Task
Without the pictures, retype each line below exactly as it stands.
### Information provided ###
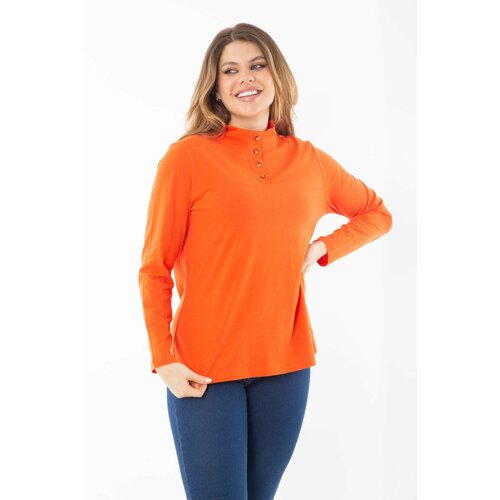 Şans Women's Plus Size Orange Cotton Fabric Front Pat Buttoned Long Sleeve Blouse Cene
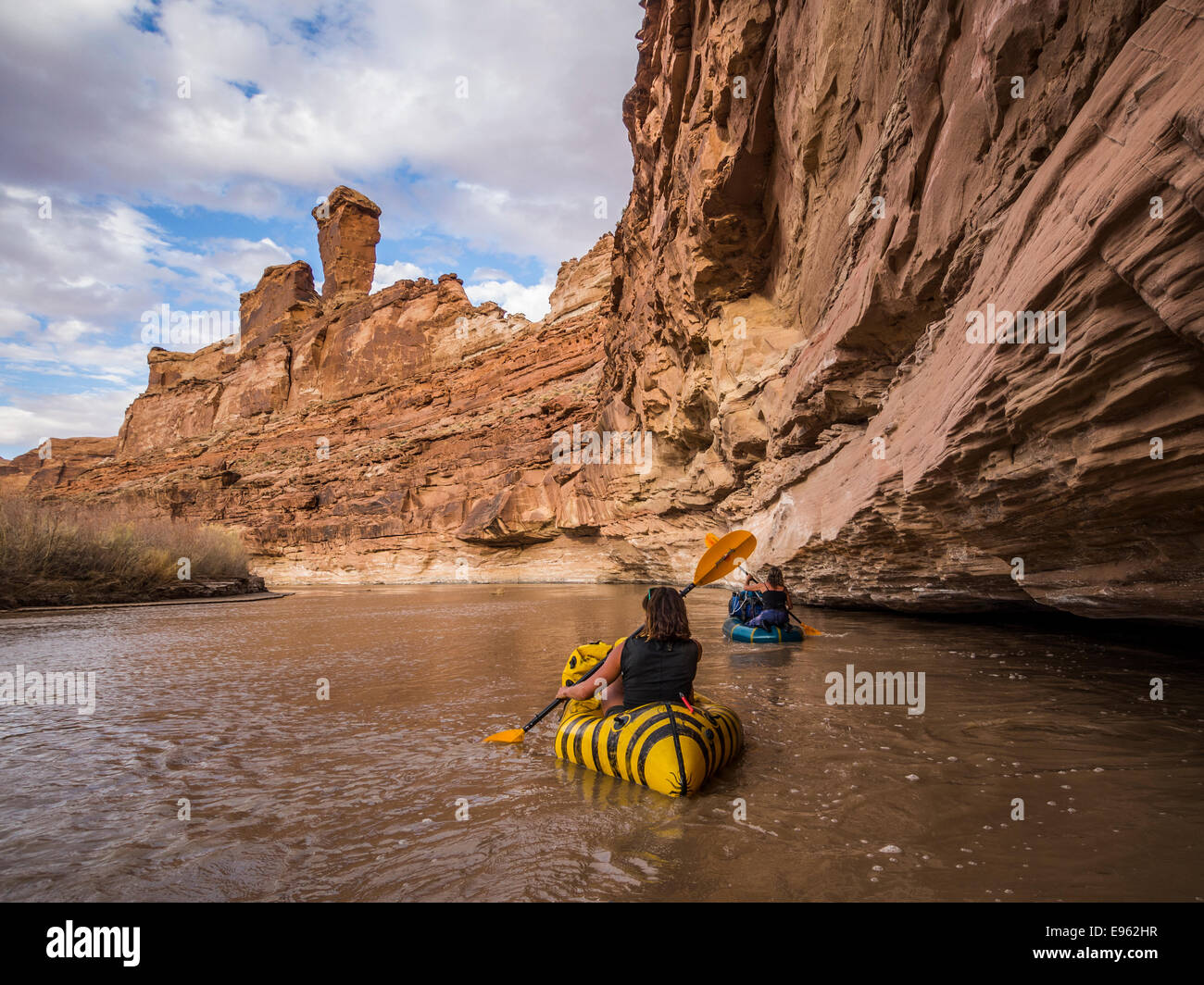 Natali Day and Suzy Loeffler pack rafting on the Dirty Devil river, Utah. Stock Photo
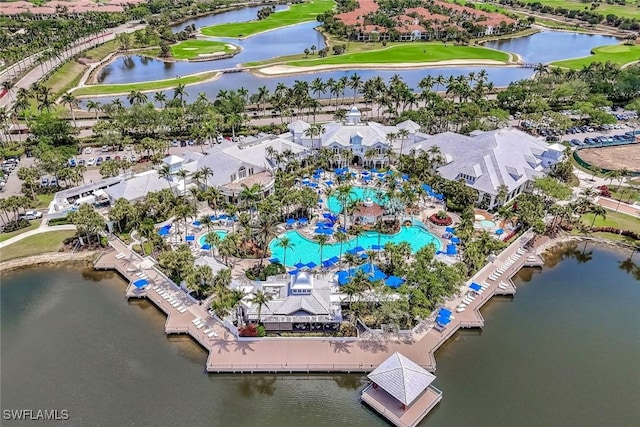 8442 Mallards Way, Naples, FL 34114 - aerial view featuring a water view and view of golf course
###
Result of this exercise
 Şans Women's Plus Size Orange Cotton Fabric Front Pat Buttoned Long Sleeve Blouse Cene
 Natali Day and Suzy Loeffler pack rafting on the Dirty Devil river, Utah. Stock Photo
 8442 Mallards Way, Naples, FL 34114 - aerial view featuring a water view and view of golf course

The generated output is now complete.